__About this exercise__: Write out the full listing, matching it line for line.

__Records supplied__:
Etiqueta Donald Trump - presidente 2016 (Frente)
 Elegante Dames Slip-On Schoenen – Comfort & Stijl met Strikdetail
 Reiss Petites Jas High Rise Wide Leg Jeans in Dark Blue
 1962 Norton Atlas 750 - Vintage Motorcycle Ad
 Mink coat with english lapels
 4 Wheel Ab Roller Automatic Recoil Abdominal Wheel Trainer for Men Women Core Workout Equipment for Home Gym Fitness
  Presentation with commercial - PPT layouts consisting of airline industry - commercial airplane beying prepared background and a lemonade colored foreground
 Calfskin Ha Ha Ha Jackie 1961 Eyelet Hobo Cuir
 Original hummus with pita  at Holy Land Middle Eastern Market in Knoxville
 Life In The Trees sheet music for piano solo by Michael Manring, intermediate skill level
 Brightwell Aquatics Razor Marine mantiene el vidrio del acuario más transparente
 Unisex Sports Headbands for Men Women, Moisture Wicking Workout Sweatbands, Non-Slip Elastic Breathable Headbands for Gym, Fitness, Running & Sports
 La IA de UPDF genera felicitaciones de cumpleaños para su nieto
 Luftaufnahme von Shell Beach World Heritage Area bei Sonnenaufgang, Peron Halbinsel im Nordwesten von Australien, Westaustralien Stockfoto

__Exercise answer__:
Etiqueta Donald Trump - presidente 2016 (Frente)
 Elegante Dames Slip-On Schoenen – Comfort & Stijl met Strikdetail
 Reiss Petites Jas High Rise Wide Leg Jeans in Dark Blue
 1962 Norton Atlas 750 - Vintage Motorcycle Ad
 Mink coat with english lapels
 4 Wheel Ab Roller Automatic Recoil Abdominal Wheel Trainer for Men Women Core Workout Equipment for Home Gym Fitness
  Presentation with commercial - PPT layouts consisting of airline industry - commercial airplane beying prepared background and a lemonade colored foreground
 Calfskin Ha Ha Ha Jackie 1961 Eyelet Hobo Cuir
 Original hummus with pita  at Holy Land Middle Eastern Market in Knoxville
 Life In The Trees sheet music for piano solo by Michael Manring, intermediate skill level
 Brightwell Aquatics Razor Marine mantiene el vidrio del acuario más transparente
 Unisex Sports Headbands for Men Women, Moisture Wicking Workout Sweatbands, Non-Slip Elastic Breathable Headbands for Gym, Fitness, Running & Sports
 La IA de UPDF genera felicitaciones de cumpleaños para su nieto
 Luftaufnahme von Shell Beach World Heritage Area bei Sonnenaufgang, Peron Halbinsel im Nordwesten von Australien, Westaustralien Stockfoto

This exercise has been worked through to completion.